Australian Open golf loses major sponsor - Sports News - Fanatics - the world's biggest events

Australian Open golf loses major sponsor

By Robert Grant 25/03/2008 04:17:41 PM Comments (0)

The prestige of the Australian Open has been shaken by its second blow in as many weeks with the loss of naming rights sponsor MFS.

The troubled investment company, main backer of both the Australian men's and women's opens, has been in financial crisis for the past few months, a victim of the global credit crunch.

Its departure comes just a week after Golf Australia's key tournament promoter, Paul McNamee, quit.

McNamee, who had been responsible for re-invigorating the opens over the past two years, has left to take up a post as CEO of Melbourne Football Club.

MFS is the second major company to sever its ties with golf in Australia in the past year.

The Australian Masters, one of just three main tournaments remaining in the country, last year lost naming rights sponsor Mastercard, which switched its backing to the Australian Open tennis championships.

This leaves the Masters and the Open competing for support in a financial landscape which has been decimated by the collapse of overseas housing and share markets.

However, Golf Australia chief executive Tony Hallam was confident that the tournaments would attract support.

"We've come a long way in the past two years and both opens are in really good shape," Hallam said.

"We've had two really good men's opens at Royal Sydney and the Australian and we're in Sydney for the next couple of years with a lot of strong support from the New South Wales Government.

"And the women's really stepped up and showed what it can be at Kingston Heath so we're confident of the future ahead.

"All we can do in these situations is put forward what we think is a very good value proposition for sponsors, whether for the men's open or the women's open, having them placed in the two major markets in the country and on national TV.

"We're really thrilled to have that as a package to take into the marketplace," Hallam said.

"It's always challenging but we're very pleased with the position we're in and we move forward.

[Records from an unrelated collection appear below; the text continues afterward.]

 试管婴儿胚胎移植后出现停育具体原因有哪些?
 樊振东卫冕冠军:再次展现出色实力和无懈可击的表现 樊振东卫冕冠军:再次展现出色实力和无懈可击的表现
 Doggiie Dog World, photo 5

"You're always confident, particularly with the work we've done in the last couple of years."

Hallam said McNamee's position was being "reviewed" at the moment but said he had played a major part in the new approach to the major tournaments.

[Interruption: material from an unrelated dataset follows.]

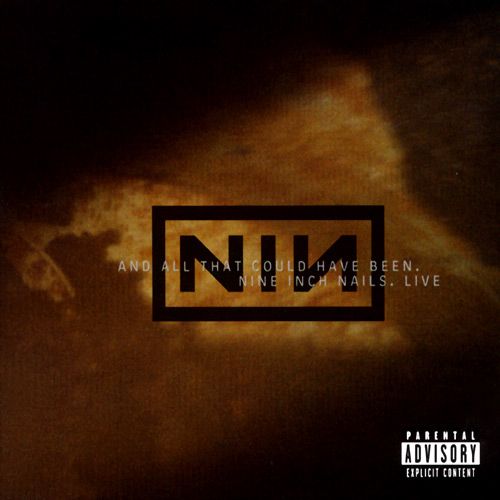 And All That Could Have Been - Nine Inch Nails (12”) music collectible - Main Image 1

"One of the things that Paul's left as a legacy is he's been at the heart of reinvigorating the men's (tournament) with some of his ideas and innovations and also getting the women's back up and running.

"He leaves behind a very strong team who can carry that forward," Hallam said.

"Golf Australia is committed to staging our national championships and we will be announcing dates and venues for the 2008 men's and 2009 women's Australian Opens in the coming weeks," he said.